Whatever contrariety and conflicts of testimony may be found upon the record, we think it is clear that the complainant did not consider himself as purchasing, or the defendant consider himself as selling the mere claim to, or chance of the slave, or a law suit on the subject of the slave with Robertson.

We think this from the conversations between the parties at the time of the sale, from the fact that the complainant appears to have given a full price, the same price which Robertson had agreed to give, and from the order given at the time by the defendant to Robertson to deliver the' slave to the complainant, which seemed to contemplate delivery as a necessary part of, and the consummation of the contract.

There is no doubt indeed, we think, that both parties supposed that there would be no difficulty on the part of-Robertson, on the subject of delivering the slave; but with regard to this they were both alike mistaken. The slave at the time, in view of the dispositions and acts of the first purchaser, Robertson, was as much lost to the complainant as if he had been dead. If this latter state of things had existed, the complainant could not have been held to the payment of the price, unless he had taken upon himself the risk of that event; nor will he be held to the payment of the price under the circumstances of this case, unless it could be made to appear expressly or by legitimate inference from the nature of the transaction, that the complainant took upon himself the risk of the delivery by Robertson, and contracted to be bound at all events. This does not appear to us to have been so.

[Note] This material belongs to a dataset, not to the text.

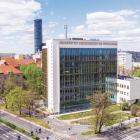   Uniwersytet Ekonomiczny we Wrocławiu  

  
 Ekonomia  

 Choć pod względem samej...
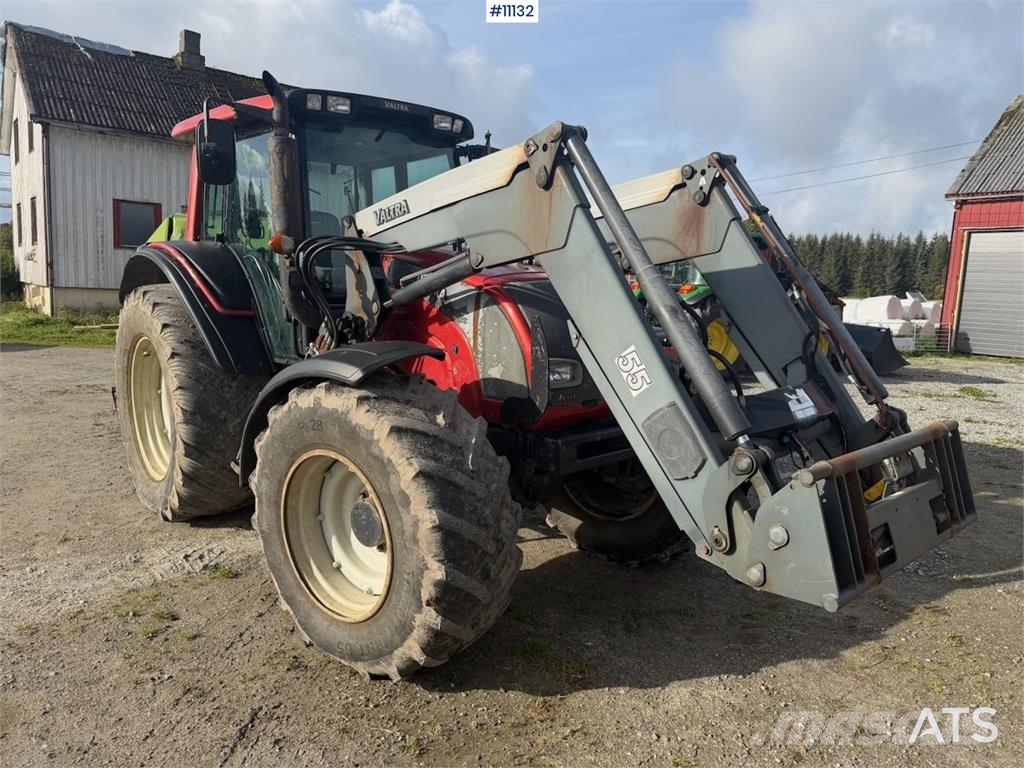 Valtra N141 Traktorer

The argument that collusion between Robertson and the complainant may have existed, we are not at liberty from the proof in the record to adopt. We are of opinion, therefore, that the complainant is entitled to the relief prayed for in the bill. But as the complainant was negligent in informing defendant of the conduct of Robertson with regard to the non-delivery of the slave and the attitude of defendant’s interests in the matter, let him pay the costs at law and half the costs in chancery.